Blowing whistles, beating drums and chanting rousing slogans, the angry protesters condemned the terrorist crackdown being unleashed by Prime Minister Meles Zenawi, who was berated as Ethiopia’s Bin Laden. “Mr. Blair, shame on you for supporting a terrorist! Shame on you for supporting a fascist butcher,” the protesters shouted on top of their voice.
London witnessed one of the noisiest rallies ever staged at the heart of the city as the protesters marched from Marble Arch past the world-famous Park Lane, Piccadilly Circus, Trafalgar Square and converged on Whitehall, the sit of the British government. The demonstrators demanded Mr. Blair to press for the unconditional release of all prisoners of conscience including opposition leaders, journalists, human rights campaigners and over 50,000 fellow citizens who have been illegally detained in harsh concentration camps across Ethiopia.
“George Bush and Tony Blair’s war on terror is meaningless if they continue to be partners with Ethiopia’s Bin Laden, Meles Zenawi, who has been committing terrorism and crimes against humanity with impunity,” said Bruke Ayalew.
“Their interpretation of terrorism seems to be narrow. Terrorism is not just an attack against Westerners, but rather a grossly violent crime committed against humanity. It is outrageous to call Meles a partner on the war on terror while he is terrorizing the people of Ethiopia,” he said.
The demonstrators also called on the Meles regime to desist from committing gross human rights violations. Backed up with ear piercing whistles and thunderous drums, the marchers demanded Meles Zenawi to, “Stop fascistic killings!”
The marchers braved the cold weather and yelled out their loud and clear messages that reverberated across 10 Downing Street.
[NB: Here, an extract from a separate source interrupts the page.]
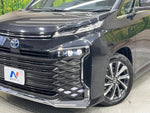 VOXY HYBRID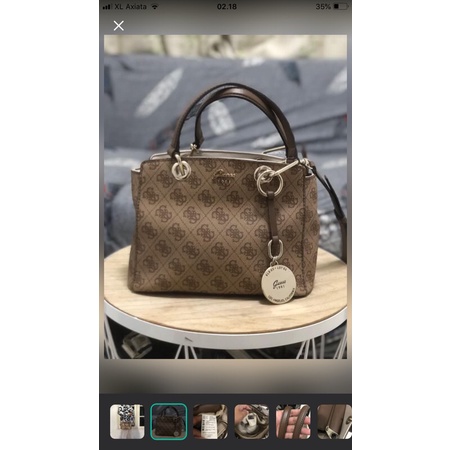 tas guess ori counter preloved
Despites the killings, mass arrests, torture and massive suffering of the Ethiopian people under the tyranny of Meles Zenawi, the government of Tony Blair has not condemned Meles in no uncertain terms.
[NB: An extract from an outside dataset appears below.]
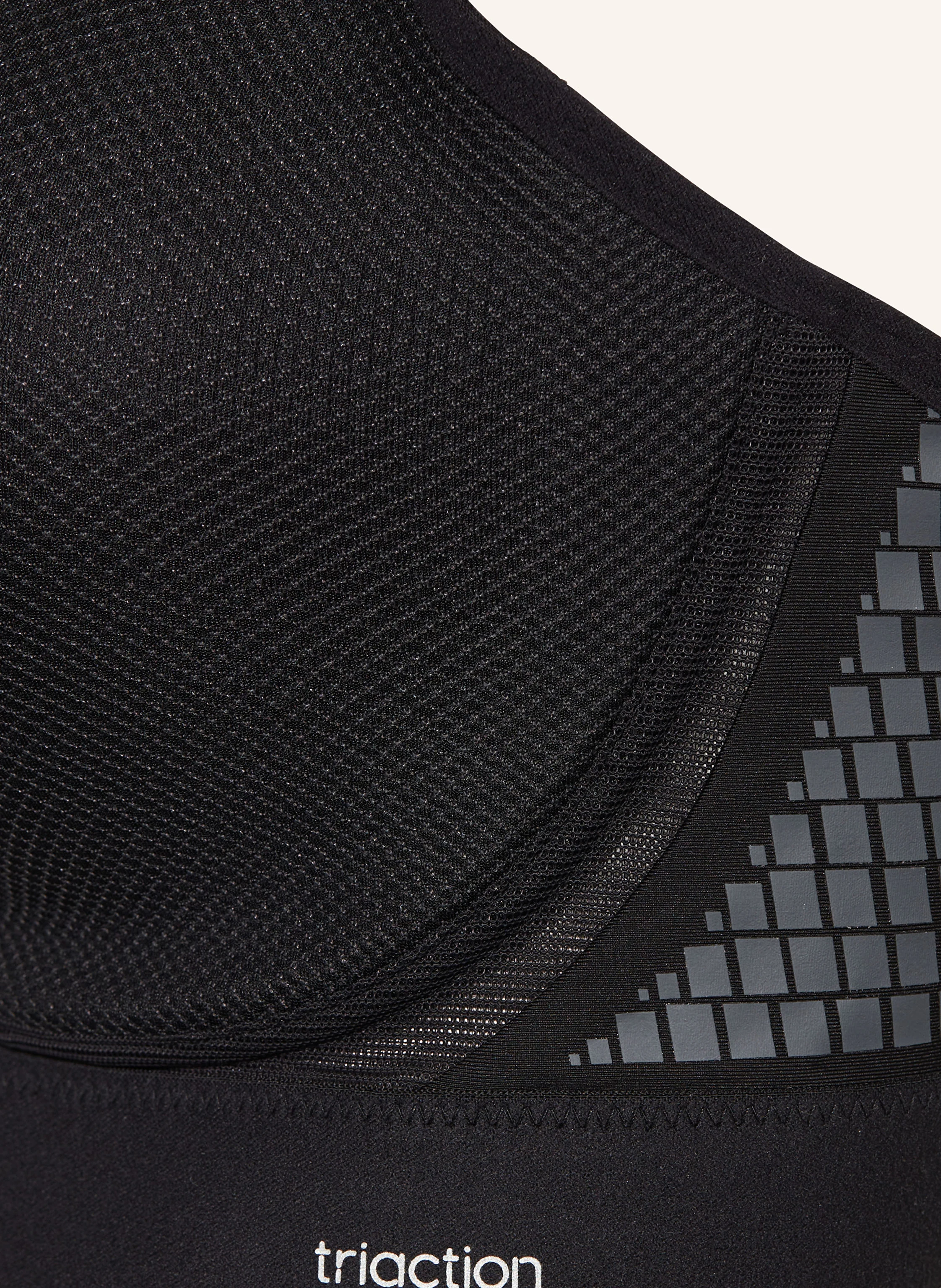 Triumph Sport-BH TRIACTION HYBRID LITE mit Mesh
Meles was chosen by Blair to serve on the defunct Commission for Africa in his personal capacity. A few weeks before the Commission was closed down permanently on August 1st, it presented a comprehensive report on Africa entitled ‘Our Common Interest’ at the Gleneagles G8 summit. The major prescriptions of Blair’s Commission as preconditions for breaking the vicious circles of grinding poverty and backwardness were peace, democracy, good governance and respect for human rights.
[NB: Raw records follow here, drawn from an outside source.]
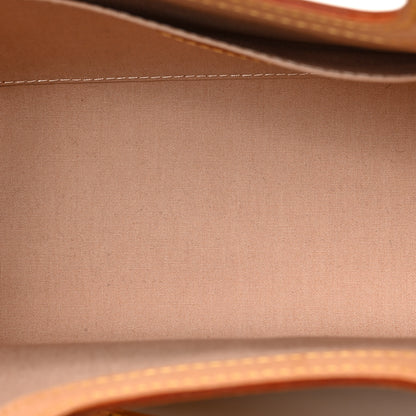 Louis Vuitton Vernis Roxbury Drive Rose Florentin 5 of 9
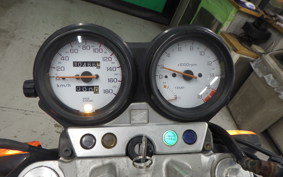 HONDA HORNET 250 2015 MC31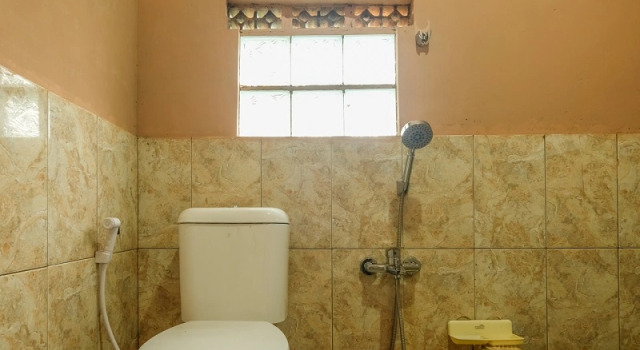 Suite OYO 705 Puncak Darajat Resort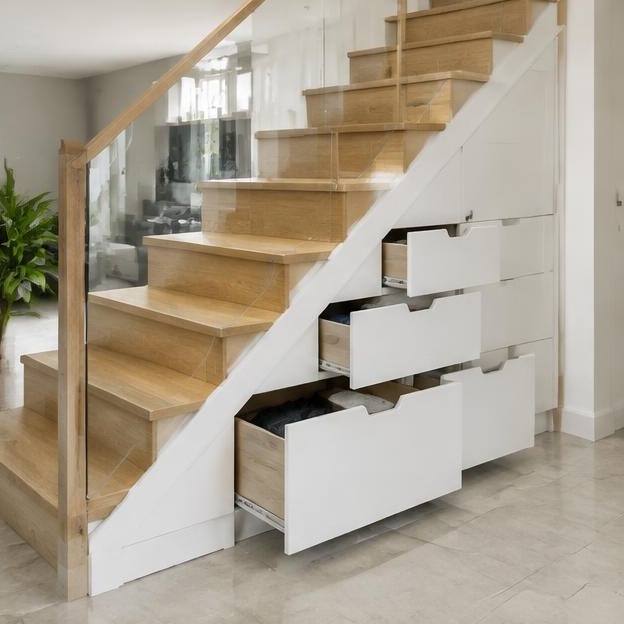 Sous-escalier — photo 2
Underlining the importance of government accountability to the people, the report declared: “Democracy of some kind is an absolute fundamental. But this is about much more than elections every five years to allow for a change of leaders.
“Many Africans call into question the legitimacy of the constitutions of their states, in which the balance between the executive, parliament and the judiciary shifted to the executive at independence and paved the way for the one party state in the years that followed. Other leaders ignore constitutions and stay in power longer than is constitutionally permitted. Africans need to address these issues, and developed nations should offer technical and financial support,” the Commission’s report stated.
To the dismay of Tony Blair, one of the authors of the recommendations, Meles Zenawi, seriously undermined the credibility of the Commission’s report before its ink dried by unleashing a reign of terror in Ethiopia against unarmed civilians that challenged extrajudicial killings and beatings of fellow citizens.
Representatives of the protesters delivered a letter to 10 Downing Street reiterating their demand to Blair to press for the immediate cessation of extrajudicial killings, gross human rights violations, the release of political prisoners and to halt his support to the Meles regime.
The Metropolitan Police controlled the huge crowd with discipline and professionalism. A considerable number of the marchers came from other European countries including Sweden, Norway, Italy, France, Belgium and Germany.